Question

A national survey of U.S. consumers conducted by the Wall Street Journal asked the question: "In general, how would you rate the service that American businesses provide?" The distribution of responses to this question was as follows:

• Excellent 8%
• Pretty good 47%
• Only fair 34%
• Poor 11%

Suppose a store manager wants to find out whether the results of this consumer survey apply to customers of supermarkets in his city. To do so, he interviews 207 randomly selected customers as they leave the supermarkets in various parts of the city as to their rating of service. Following is the number of responses and distribution of this survey:

• Excellent 21
• Pretty good 109
• Only fair 62
• Poor 15

Please answer the following:

1. Determine whether the observed frequencies of responses from this survey are the same as the frequencies that would be expected on the basis of the national survey. Hint: Think Chi-square goodness-of-fit, and see Ppts and Selected Example Solutions, and of course, the internet.
2. Can you describe a chi-squared application, either goodness-of-fit or test-for-independence, in your profession?

Answer 1

Solution:

Part a

Here, we have to use chi square test for goodness of fit.

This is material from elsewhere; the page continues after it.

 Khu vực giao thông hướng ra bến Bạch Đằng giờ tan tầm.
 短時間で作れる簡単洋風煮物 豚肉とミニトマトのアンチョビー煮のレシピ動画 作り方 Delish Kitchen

Null hypothesis: H₀: Given data follows the frequency distribution of the national survey.

Alternative hypothesis: H_a: Given data do not follow the frequency distribution of the national survey.

We assume level of significance = α = 0.05

Test statistic formula is given as below:

Chi square = ∑[(O – E)^2/E]

Where, O is observed frequencies and E is expected frequencies.

We are given

N = 4

Degrees of freedom = df = N – 1 = 4 – 1 = 3

α = 0.05

Critical value = 7.814727764

(by using Chi square table or excel)

Calculation tables for test statistic are given as below:

Category	Exp.Prob.	O	E	(O - E)^2/E
Excellent	0.08	21	16.56	1.190434783
Pretty good	0.47	109	97.29	1.409436736
Only fair	0.34	62	70.38	0.997789145
Poor	0.11	15	22.77	2.651422925
Total	1	207	207	6.249083588

Chi square = ∑[(O – E)^2/E] = 6.249083588

P-value = 0.100100991

(By using Chi square table or excel)

P-value > α = 0.05

So, we do not reject the null hypothesis

There is sufficient evidence to conclude that given data follows the frequency distribution of the national survey.

There is sufficient evidence to conclude that the observed frequencies of responses from this survey are the same as the frequencies that would be expected on the basis of the national survey.

Part b

Yes, we can use the Chi squared application in our profession. We can use Chi square test for goodness of fit for checking whether the distribution of the product line follows the entire population distribution or not. Also, we can use chi square test for independence for checking whether the two categorical variables such as gender and satisfaction of employee are independent or not. There would be several real life situations in the profession whether we can use these chi squared applications.